Menurut isi prasasti Leran, sima ri Leran adalah tanah
perdikan bebas pajak, yang sebagian penduduknya pedagang, batasnya di sebelah
timur berupa gerbang timur; di utara berbatasan dengan padang rumput yang
disebut milik Si Dukut; di utaranya pula berbatasan dengan tambak Si Bantawan;
lurus ke utara berbatasan dengan batu suci tanda sima di ujung batwan. Di
tempat suci bernama batwan ini bersemayam arwah suci Rahyangta Kutik.
Berdasar bunyi Prasasti Leran, di area sekitar makam Leran dimana terdapat makam Fatimah binti Maimun pada masa Singasari Majapahit pernah dijadikan daerah perdikan (sima) bebas pajak. Tetapi tidak jelas, apa yang disebut susuk ri batwan (tempat suci di batwan) yang dijadikan persemayaman arwah Rahyangta Kutik.

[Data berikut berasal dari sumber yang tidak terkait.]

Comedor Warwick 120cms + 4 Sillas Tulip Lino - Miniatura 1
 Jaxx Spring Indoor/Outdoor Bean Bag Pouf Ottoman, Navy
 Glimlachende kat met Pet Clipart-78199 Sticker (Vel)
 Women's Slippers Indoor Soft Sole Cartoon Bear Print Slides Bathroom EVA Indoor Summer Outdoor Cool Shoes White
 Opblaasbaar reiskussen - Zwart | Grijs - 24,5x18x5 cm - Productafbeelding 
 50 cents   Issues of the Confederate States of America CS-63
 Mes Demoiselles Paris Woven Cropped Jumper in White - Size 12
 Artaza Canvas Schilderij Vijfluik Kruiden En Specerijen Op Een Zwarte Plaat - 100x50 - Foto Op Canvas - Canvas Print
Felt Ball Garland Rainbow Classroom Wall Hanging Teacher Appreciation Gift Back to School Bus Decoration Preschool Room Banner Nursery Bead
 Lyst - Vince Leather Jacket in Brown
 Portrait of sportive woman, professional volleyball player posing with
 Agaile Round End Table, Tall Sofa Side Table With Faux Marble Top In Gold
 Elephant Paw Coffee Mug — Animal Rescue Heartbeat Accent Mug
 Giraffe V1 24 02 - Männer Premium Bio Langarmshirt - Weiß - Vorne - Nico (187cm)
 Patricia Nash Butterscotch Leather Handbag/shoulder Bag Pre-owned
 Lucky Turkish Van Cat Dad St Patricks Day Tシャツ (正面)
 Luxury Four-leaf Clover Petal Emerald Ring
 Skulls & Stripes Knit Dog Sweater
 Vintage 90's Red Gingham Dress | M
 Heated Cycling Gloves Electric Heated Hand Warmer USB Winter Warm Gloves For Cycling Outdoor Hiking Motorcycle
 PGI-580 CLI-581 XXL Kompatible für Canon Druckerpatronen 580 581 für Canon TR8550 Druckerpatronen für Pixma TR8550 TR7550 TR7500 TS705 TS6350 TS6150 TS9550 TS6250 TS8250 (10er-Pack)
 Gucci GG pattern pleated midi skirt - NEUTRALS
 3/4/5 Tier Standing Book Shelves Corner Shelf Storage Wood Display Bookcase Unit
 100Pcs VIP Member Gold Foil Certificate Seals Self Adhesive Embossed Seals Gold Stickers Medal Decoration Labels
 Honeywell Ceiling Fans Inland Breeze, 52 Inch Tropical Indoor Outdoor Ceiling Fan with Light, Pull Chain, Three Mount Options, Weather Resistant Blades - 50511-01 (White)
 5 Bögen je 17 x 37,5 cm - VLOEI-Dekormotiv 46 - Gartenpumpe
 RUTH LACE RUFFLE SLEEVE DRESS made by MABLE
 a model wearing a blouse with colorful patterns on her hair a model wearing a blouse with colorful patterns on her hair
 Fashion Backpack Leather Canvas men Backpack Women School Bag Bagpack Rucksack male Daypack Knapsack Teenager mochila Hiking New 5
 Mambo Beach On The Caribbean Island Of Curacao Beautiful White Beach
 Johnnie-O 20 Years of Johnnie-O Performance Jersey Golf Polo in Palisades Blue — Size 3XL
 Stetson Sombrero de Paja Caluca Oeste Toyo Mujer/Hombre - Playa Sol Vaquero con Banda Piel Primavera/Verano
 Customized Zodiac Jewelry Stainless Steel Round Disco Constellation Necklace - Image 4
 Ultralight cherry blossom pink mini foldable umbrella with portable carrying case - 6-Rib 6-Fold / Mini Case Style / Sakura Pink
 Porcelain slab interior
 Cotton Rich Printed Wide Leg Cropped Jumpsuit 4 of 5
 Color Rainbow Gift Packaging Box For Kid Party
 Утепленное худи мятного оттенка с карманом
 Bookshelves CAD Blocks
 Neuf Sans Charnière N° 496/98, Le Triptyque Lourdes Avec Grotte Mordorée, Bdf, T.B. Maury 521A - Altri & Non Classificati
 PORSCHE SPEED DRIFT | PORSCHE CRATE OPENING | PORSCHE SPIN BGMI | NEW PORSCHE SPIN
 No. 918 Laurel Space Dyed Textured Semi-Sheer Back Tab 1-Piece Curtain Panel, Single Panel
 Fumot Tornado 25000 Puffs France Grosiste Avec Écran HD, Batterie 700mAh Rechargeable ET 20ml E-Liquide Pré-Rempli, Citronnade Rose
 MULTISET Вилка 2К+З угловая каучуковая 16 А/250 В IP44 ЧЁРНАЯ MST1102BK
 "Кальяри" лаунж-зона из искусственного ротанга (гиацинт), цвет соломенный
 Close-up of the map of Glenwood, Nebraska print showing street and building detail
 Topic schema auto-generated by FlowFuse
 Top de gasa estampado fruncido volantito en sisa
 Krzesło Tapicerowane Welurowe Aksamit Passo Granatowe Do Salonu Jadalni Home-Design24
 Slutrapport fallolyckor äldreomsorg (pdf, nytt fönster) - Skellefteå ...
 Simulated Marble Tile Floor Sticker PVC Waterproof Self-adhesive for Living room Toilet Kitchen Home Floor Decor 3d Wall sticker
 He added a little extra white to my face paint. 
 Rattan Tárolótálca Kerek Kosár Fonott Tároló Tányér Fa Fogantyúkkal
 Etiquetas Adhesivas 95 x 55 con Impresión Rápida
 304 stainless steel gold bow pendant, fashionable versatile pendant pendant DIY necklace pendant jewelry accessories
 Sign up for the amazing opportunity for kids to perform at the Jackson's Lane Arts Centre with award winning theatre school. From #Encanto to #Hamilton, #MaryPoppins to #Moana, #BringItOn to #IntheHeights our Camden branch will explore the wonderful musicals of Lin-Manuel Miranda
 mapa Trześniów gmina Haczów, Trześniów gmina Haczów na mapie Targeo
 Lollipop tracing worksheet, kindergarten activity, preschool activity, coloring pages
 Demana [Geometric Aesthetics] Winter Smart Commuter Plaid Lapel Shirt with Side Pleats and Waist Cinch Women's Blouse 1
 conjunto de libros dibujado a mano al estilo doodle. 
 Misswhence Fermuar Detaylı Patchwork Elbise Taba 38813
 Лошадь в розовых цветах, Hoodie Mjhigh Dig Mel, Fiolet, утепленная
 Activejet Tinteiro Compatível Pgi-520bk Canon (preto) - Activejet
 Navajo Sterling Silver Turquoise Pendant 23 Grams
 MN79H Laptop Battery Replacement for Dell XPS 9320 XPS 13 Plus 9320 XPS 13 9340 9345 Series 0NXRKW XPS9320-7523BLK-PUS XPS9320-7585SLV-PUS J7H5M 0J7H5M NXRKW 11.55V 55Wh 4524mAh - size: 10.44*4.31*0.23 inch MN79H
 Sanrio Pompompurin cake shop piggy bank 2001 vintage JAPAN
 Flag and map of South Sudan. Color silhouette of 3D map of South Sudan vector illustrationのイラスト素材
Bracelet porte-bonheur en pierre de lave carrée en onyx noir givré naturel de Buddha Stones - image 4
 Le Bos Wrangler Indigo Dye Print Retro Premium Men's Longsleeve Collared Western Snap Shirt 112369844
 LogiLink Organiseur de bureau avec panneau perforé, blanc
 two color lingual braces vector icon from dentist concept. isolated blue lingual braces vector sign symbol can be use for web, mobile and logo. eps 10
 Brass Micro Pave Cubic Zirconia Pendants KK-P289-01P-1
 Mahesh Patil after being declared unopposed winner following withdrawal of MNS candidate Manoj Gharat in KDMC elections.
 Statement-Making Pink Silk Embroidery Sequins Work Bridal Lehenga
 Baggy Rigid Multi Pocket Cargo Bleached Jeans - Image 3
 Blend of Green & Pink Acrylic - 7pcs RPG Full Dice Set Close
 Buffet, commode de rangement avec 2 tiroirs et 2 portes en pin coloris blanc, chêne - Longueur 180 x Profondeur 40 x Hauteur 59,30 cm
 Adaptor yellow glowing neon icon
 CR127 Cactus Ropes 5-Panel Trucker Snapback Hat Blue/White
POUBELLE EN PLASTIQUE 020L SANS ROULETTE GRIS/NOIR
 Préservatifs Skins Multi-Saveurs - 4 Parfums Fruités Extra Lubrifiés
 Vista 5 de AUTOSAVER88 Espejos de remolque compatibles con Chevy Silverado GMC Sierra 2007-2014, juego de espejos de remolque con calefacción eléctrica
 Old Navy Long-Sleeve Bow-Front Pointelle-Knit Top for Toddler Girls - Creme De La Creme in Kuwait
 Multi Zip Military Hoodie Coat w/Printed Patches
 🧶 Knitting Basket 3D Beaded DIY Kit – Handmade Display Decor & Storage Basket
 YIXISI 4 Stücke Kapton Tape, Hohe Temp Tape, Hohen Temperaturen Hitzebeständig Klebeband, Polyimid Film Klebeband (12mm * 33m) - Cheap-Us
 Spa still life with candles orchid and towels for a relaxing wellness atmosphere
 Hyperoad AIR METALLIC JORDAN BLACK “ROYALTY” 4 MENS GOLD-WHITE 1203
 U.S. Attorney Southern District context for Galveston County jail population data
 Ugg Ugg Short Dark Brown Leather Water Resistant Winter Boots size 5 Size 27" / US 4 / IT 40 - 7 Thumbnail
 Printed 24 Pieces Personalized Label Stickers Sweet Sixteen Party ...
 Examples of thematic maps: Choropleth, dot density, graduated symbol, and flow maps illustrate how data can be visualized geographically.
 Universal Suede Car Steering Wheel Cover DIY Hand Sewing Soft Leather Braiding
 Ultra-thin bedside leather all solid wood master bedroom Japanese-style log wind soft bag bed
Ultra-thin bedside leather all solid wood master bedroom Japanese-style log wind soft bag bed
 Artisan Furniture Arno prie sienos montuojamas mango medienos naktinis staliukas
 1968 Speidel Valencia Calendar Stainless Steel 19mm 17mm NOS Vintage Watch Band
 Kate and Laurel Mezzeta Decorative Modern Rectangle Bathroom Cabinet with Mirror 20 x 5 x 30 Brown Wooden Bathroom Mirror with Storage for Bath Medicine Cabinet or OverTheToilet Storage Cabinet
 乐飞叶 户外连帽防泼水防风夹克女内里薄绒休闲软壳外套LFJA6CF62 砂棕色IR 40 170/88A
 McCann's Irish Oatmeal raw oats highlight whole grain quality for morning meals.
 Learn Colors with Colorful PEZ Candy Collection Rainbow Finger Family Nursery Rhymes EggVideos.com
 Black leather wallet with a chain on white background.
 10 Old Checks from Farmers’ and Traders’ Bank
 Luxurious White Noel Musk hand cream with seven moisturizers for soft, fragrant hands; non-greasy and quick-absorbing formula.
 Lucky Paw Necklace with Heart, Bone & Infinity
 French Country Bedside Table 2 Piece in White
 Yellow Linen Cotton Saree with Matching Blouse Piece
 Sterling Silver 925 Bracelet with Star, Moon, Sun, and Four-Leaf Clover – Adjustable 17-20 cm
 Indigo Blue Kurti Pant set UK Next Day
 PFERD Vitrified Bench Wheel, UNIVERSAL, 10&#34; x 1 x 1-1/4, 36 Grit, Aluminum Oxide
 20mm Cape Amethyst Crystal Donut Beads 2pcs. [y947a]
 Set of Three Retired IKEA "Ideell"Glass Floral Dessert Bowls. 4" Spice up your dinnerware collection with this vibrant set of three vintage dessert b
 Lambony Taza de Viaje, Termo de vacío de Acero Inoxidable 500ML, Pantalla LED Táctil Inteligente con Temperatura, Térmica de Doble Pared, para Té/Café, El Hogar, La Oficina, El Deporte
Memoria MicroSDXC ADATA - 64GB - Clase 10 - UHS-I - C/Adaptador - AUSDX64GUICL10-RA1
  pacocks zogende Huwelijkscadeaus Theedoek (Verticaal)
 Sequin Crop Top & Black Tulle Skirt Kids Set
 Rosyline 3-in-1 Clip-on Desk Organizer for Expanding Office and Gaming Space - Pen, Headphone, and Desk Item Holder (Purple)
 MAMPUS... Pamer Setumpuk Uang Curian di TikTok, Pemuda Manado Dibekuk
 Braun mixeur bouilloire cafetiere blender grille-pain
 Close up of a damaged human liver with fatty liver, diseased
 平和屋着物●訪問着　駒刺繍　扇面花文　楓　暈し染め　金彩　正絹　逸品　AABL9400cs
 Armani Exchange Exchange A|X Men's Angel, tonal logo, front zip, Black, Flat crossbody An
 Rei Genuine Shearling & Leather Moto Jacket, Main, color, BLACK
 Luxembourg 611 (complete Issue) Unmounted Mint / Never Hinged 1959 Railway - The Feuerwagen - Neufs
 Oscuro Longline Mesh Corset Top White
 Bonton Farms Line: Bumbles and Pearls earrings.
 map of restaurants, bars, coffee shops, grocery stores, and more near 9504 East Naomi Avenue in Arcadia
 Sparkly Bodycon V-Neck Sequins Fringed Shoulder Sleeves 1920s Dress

Sebab, di Dusun Leran tidak ditemukan bekas reruntuhan candi. Oleh karena itu, sangat besar kemungkinan yang disebut susuk ri batwan itu adalah makam Fatimah binti Maimun yang identitas Keislamannya pada abad ke-13 sudah kurang jelas. Penduduk Leran dan sekitarnya yang pada abad ke-13 banyak menganut agama Syiwa-buddha, kemungkinan menganggap makam Fatimah binti Maimun sebagai susuk (tempat suci) di batwan dan almarhumah Fatimah binti Maimun dianggap sebagai arwah suci Rahyangta Kutik, di mana kata kuti dalam bahasa Sanskerta bisa bermakna ‘biara Buddha’ dan bisa pula bermakna ‘gubuk’.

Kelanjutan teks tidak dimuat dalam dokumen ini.